The case for assessing health risk with logistic regression is made by authors of a **2009 study**, which is also a sort of model example for Big Data in diagnostic medicine.

*As the variables that help predict breast cancer increase in number, physicians must rely on* *subjective impressions based on their experience to make decisions. Using a quantitative modeling technique such as logistic regression to predict the risk of breast cancer may help radiologists manage the large amount of information available, make better decisions, detect more cancers at early stages, and reduce unnecessary biopsies*

This study – **A Logistic Regression Model Based on the National Mammography Database Format to Aid Breast Cancer Diagnosis** – pulled together *62,219 consecutive mammography records from 48,744 studies in 18,270 patients reported using the Breast Imaging Reporting and Data System (BI-RADS) lexicon and the National Mammography Database format between April 5, 1999 and February 9, 2004.*

The combination of medical judgment and an algorithmic diagnostic tool based on extensive medical records is, in the best sense, the future of medical diagnosis and treatment.

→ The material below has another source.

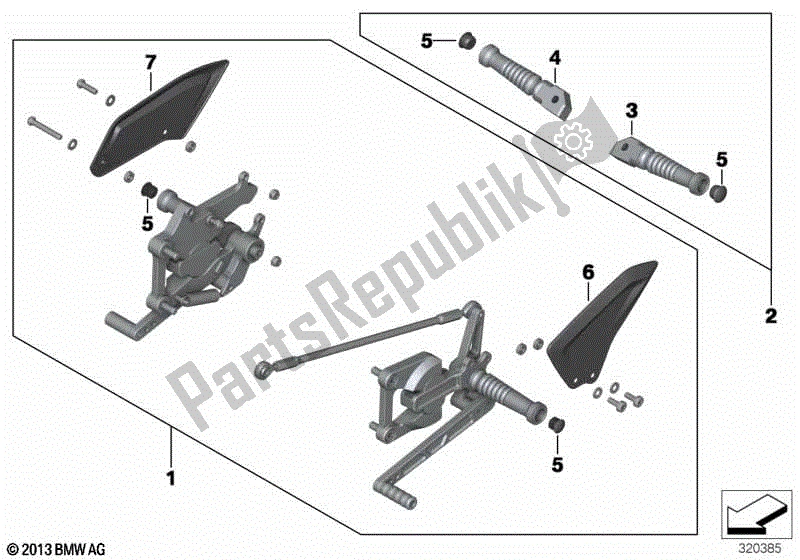 Toutes les pièces pour le Système De Repose-pieds Hp du BMW S 1000R K 47 2013 - 2016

And logistic regression has one big thing going for it – a lot of logistic regressions have been performed to identify risk factors for various diseases or for mortality from a particular ailment.

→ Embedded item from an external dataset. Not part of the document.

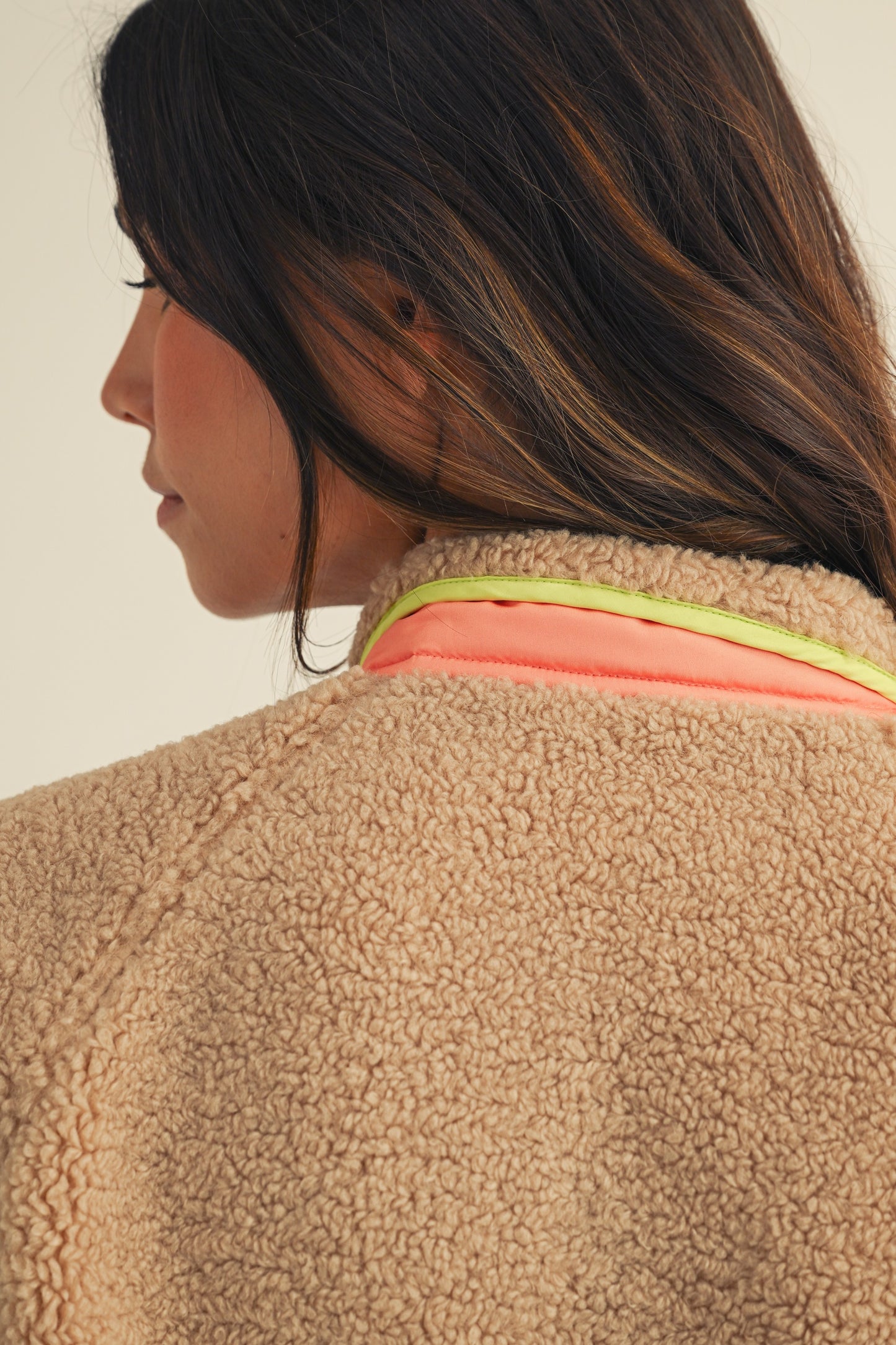 Fleece Daily Colorblock Button Pullover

A logistic regression, of course, maps a zero/one or categorical variable onto a set of explanatory variables.

This is not to say that there are not going to be speedbumps along the way. Interestingly, these are data science speedbumps, what some would call statistical modeling issues.

**Picking the Right Variables, Validating the Logistic Regression**

The problems of picking the correct explanatory variables for a logistic regression and model validation are linked.

The problem of picking the right predictors for a logistic regression is parallel to the problem of picking regressors in, say, an ordinary least squares (OLS) regression with one or two complications. You need to try various specifications (sets of explanatory variables) and utilize a raft of diagnostics to evaluate the different models. Cross-validation, utilized in the breast cancer research mentioned above, is probably better than in-sample tests. And, in addition, you need to be wary of some of the weird features of logistic regression.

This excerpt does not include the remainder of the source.